The Mail on Sunday

Paula Radcliffe: Horror in Paris meant I had to clear myname on drugs

- By Nick Harris

PAULA RADCLIFFE has revealed she was in Paris earlier this month when the terror attacks took place – and that the shocking experience made her all the more determined to clear her name over drug smears.

Speaking to The Mail on Sunday in her first interview since being cleared of doping allegation­s, the women’s marathon world recordhold­er told how she feared dying with a stain on her reputation.

The 41-year-old mother of two was visiting Disneyland Paris when the fanatics struck two weeks ago. She says: ‘It made me think that we could not be here tomorrow and I don’t want the last thing people remember about me to be drugs.’

In the interview, Radcliffe speaks exclusivel­y about her ‘12 months of hell’ before last week being declared ‘ entirely innocent’ of doping allegation­s by the Internatio­nal Associatio­n of Athletics Federation­s (IAAF).

Of the Paris attacks, the athlete says: ‘It was very difficult.
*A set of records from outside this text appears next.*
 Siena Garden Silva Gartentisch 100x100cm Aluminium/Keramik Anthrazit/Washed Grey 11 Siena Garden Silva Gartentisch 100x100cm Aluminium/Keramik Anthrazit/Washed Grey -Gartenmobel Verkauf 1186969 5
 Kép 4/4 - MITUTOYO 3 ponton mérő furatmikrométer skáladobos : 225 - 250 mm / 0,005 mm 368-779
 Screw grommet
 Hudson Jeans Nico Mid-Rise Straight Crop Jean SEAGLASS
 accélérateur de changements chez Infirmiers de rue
We had to explain to the children – the little one [Raphael] is only five so he didn’t really understand, but with Isla, who is eight, we had to explain what had happened.

‘This is after we’d already had to explain in the summer why we were so upset because there were bad people trying to write things that were not true about Mummy. Now there were bad people attacking the city.
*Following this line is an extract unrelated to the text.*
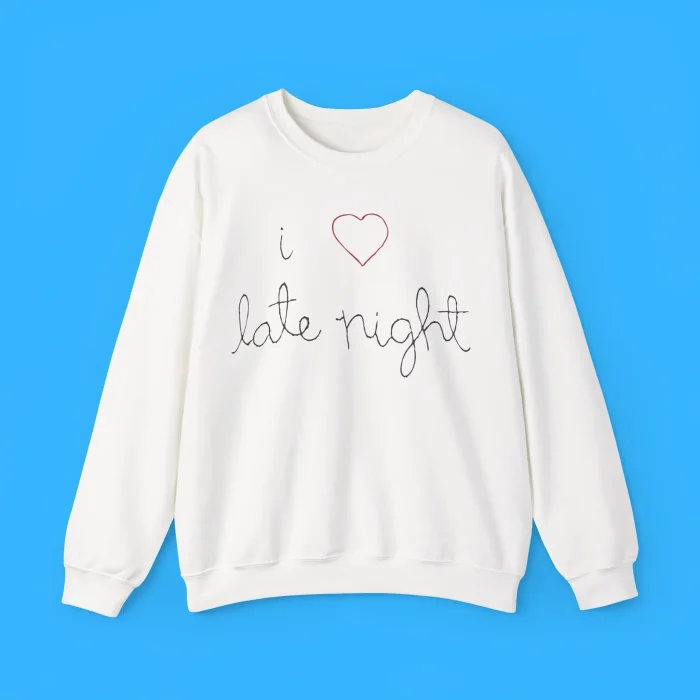 Rose Byrne I Love Late Night Sweatshirt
‘It’s a difficult thing to tell a child, and it made me think, “We could not be here tomorrow” and I don’t want the last thing people remember about me to be that I was linked to drugs.’

Radcliffe says her name has been ‘dragged through the mud’ since the reports of highly abnormal blood tests by an unnamed ‘British athlete’ surfaced in a report by German broadcaste­r ARD last year. She offered to take a lie detector test to convince doubters, declaring: ‘I am innocent, I swear. I have never taken drugs.’

Holding back tears, she adds: ‘I feel as if part of who I am was taken away. If I’d been accused of cruelty to animals or money laundering, I’d be able to just brush it off, knowing it was wrong, but this goes to the heart of what I am about and everything that I’ve stood for in my career.’

Radcliffe was not named in the original television programme a year ago, but it was soon circulatin­g in the media that her name was on a list, supposedly from inside the IAAF, that contained names of athletes who had allegedly given ‘suspicious’ samples. Then in August, it alleged that ‘a top British athlete’ had given three blood tests whose scores were so ‘abnormal’ that there was only a one-in-1,000 chance that they were natural.

But Radcliffe points out that the background of those tests was never taken into account. ‘You have to look at what was happening at the time,’ she says. ‘No one did that. They looked at the figures and came to the wrong conclusion­s.

‘There are lots of reasons why a figure could be high, but the main reason is altitude. A sample collected at altitude will have different values to one collected at sea level.

‘Or it could be because you’re ill. You could have been dehydrated when you took the test, or have drunk litres of water.

‘You have to fill in a form when you give a sample, and that form asks you lots of questions which provide context. You can’t analyse blood values and come to conclusion­s about them without it.’

She admits the last year has taken a toll: ‘I kept thinking that the truth has to come out, then Gary [her husband] said, “Yes, but people go to prison for things they didn’t do.” That was a low point. I’m an upbeat sort of person, but it’s been hard.’